> [WHAT IS EXPECTED]
Set the records down again in full, exactly as they are, apart from the images.

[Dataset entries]
────

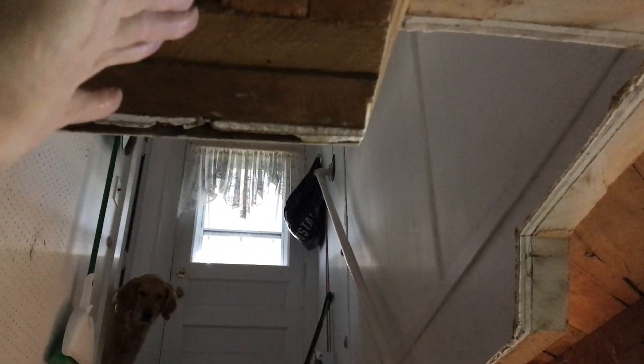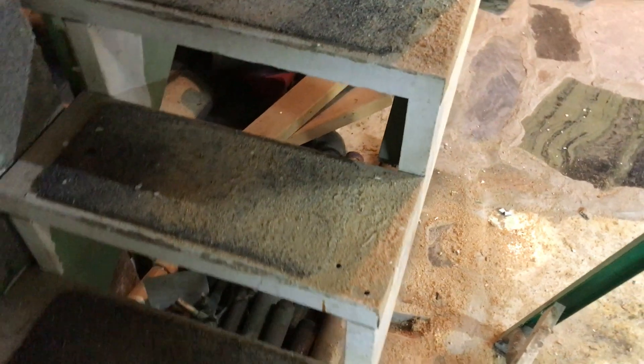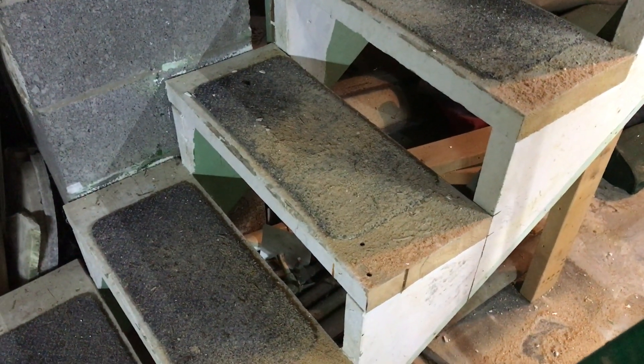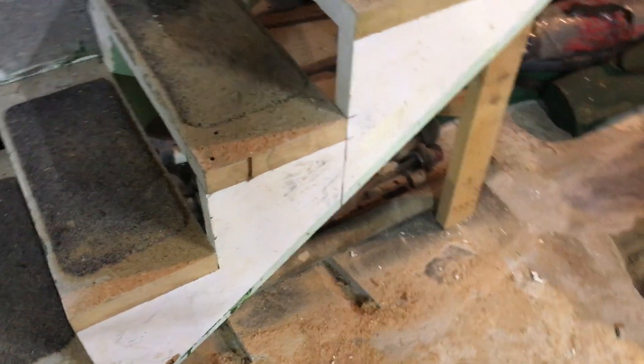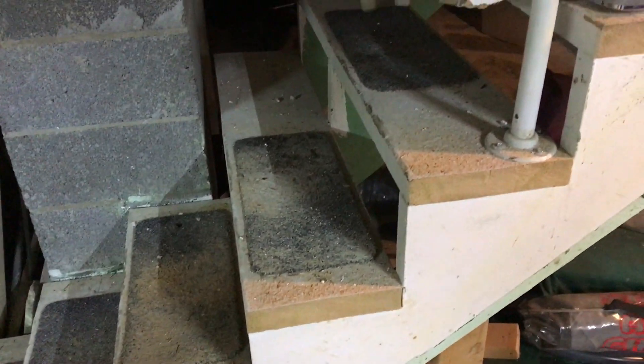I don't know — do I need to remove more here? Really not sure yet. But I think it's time to see what we're going to do down here. We can cut the three bottom steps off, then move them over and see what we're gonna do. It is a tight fit, but I think it'll work.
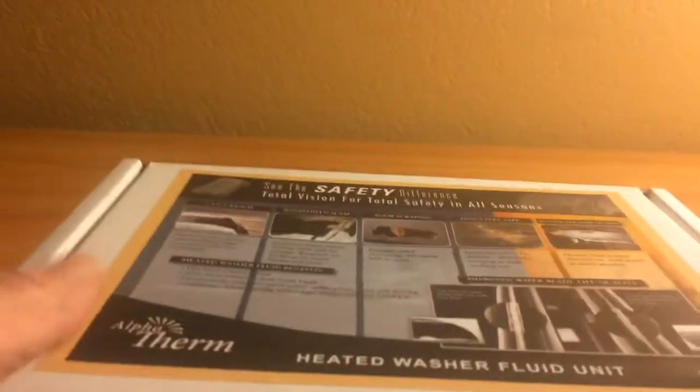Here's the brand name of it: Alpha Thermal. And right there it says 'Sea Safety' — 'See the safety difference. Total vehicle for total safety on all seasons.' Gives you a little description of what it does. Now I'm going to open this little box up. I hope I can leave a link to it in the description box here to where you can order these from the company themselves.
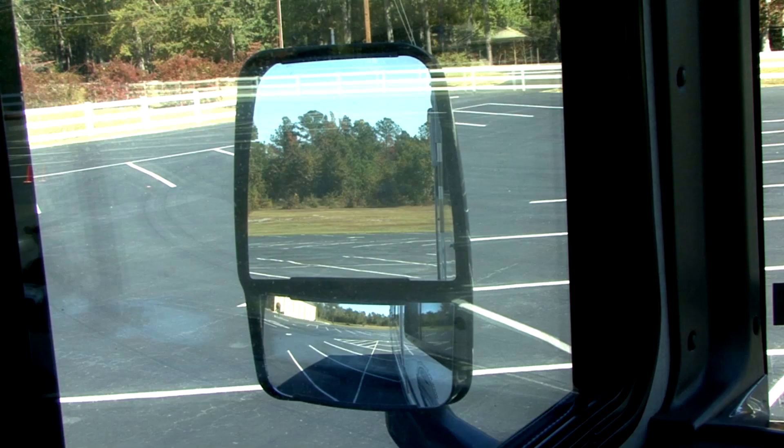Adjust the flat part of the mirror so you can just see the side of your coach along the inside edge, and so you are looking back level with the ground about one-fourth of the way from the top of the mirror. You really don't need to see a lot of sky.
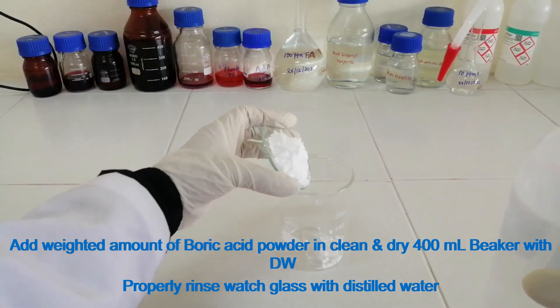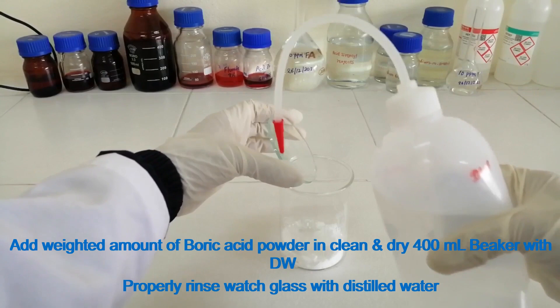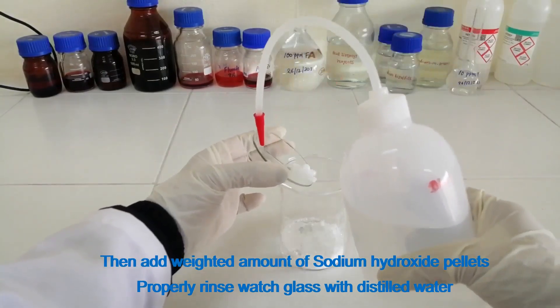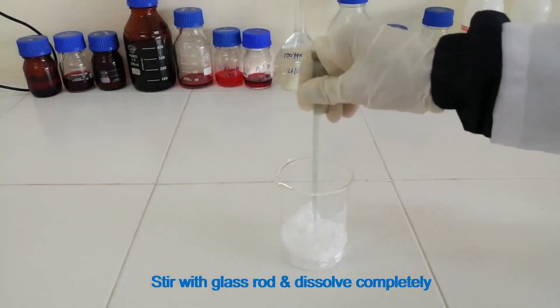Add the weighed amount of boric acid powder into a clean and dry 400 ml beaker with distilled water. Properly rinse the wash glass with distilled water. Then add the weighed amount of sodium hydroxide pellets and properly rinse the wash glass with distilled water. Stir with a glass rod and dissolve completely.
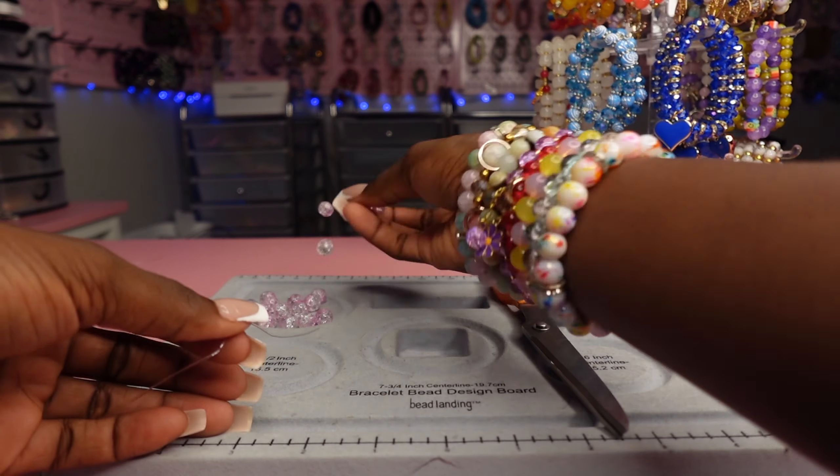Here is a voiceover. The first thing you'll need is a bracelet bead design board. Next, you'll need some beads — I'll have everything linked in the description. Some scissors. My Amazon storefront, which is linked in the description of this video, will have everything.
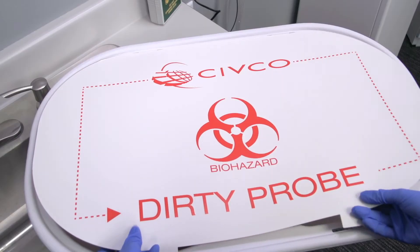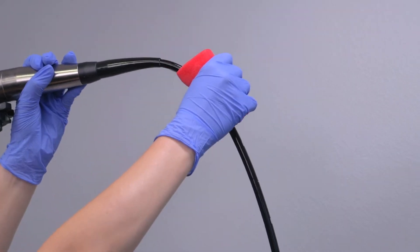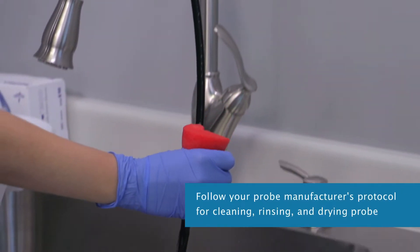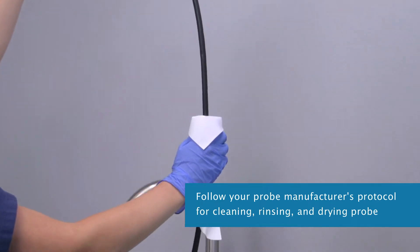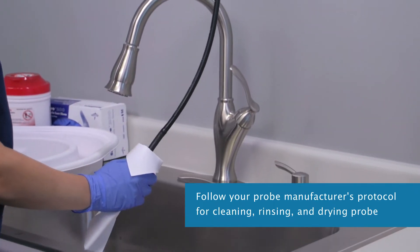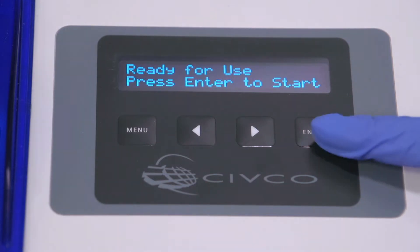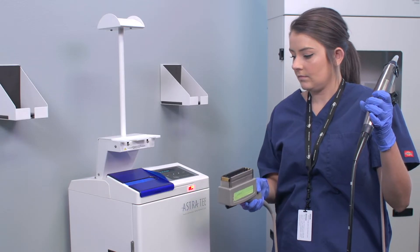For daily use, disinfect your TEE, endovaginal, and endorectal probes following your manufacturer's protocol for manually cleaning, rinsing, and drying your probes. Once ready to disinfect in the Astra, the display switches back and forth from 'Ready for Use' — press Enter to start — and 'Ready for Use' showing the date and time. Scan the probe connector.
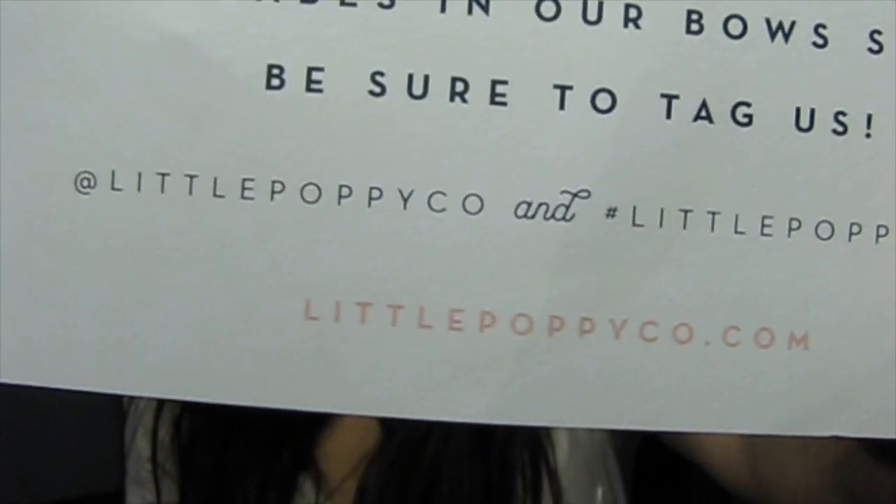And on the back it says welcome to the bow club, we love seeing your babes in our bows, so be sure to tag us. It has their company hashtag and name — just Little Poppy Co.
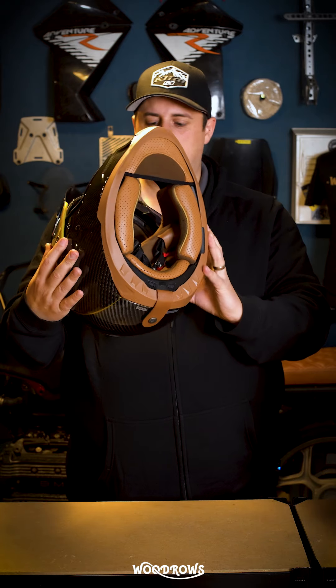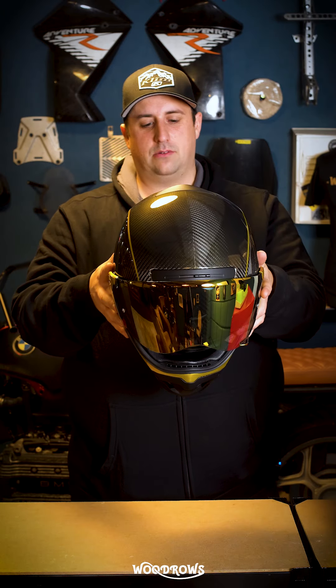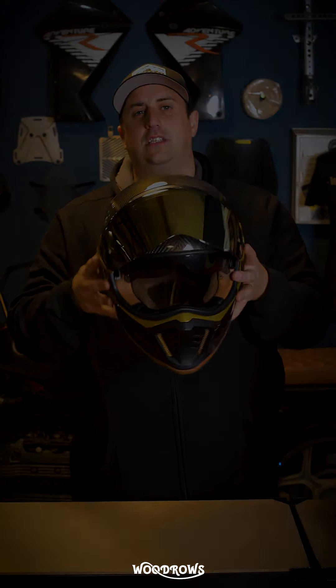It has, of course, your little pull down sun visor, like that. And all round, just an absolutely great helmet — and one of the new helmets that does conform to the new ECE 22.06 standards.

────

> [ANSWER SPACE]
I don't know — do I need to remove more here? Really not sure yet. But I think it's time to see what we're going to do down here. We can cut the three bottom steps off, then move them over and see what we're gonna do. It is a tight fit, but I think it'll work.
Here's the brand name of it: Alpha Thermal. And right there it says 'Sea Safety' — 'See the safety difference. Total vehicle for total safety on all seasons.' Gives you a little description of what it does. Now I'm going to open this little box up. I hope I can leave a link to it in the description box here to where you can order these from the company themselves.
Adjust the flat part of the mirror so you can just see the side of your coach along the inside edge, and so you are looking back level with the ground about one-fourth of the way from the top of the mirror. You really don't need to see a lot of sky.
Add the weighed amount of boric acid powder into a clean and dry 400 ml beaker with distilled water. Properly rinse the wash glass with distilled water. Then add the weighed amount of sodium hydroxide pellets and properly rinse the wash glass with distilled water. Stir with a glass rod and dissolve completely.
Here is a voiceover. The first thing you'll need is a bracelet bead design board. Next, you'll need some beads — I'll have everything linked in the description. Some scissors. My Amazon storefront, which is linked in the description of this video, will have everything.
For daily use, disinfect your TEE, endovaginal, and endorectal probes following your manufacturer's protocol for manually cleaning, rinsing, and drying your probes. Once ready to disinfect in the Astra, the display switches back and forth from 'Ready for Use' — press Enter to start — and 'Ready for Use' showing the date and time. Scan the probe connector.
And on the back it says welcome to the bow club, we love seeing your babes in our bows, so be sure to tag us. It has their company hashtag and name — just Little Poppy Co.
It has, of course, your little pull down sun visor, like that. And all round, just an absolutely great helmet — and one of the new helmets that does conform to the new ECE 22.06 standards.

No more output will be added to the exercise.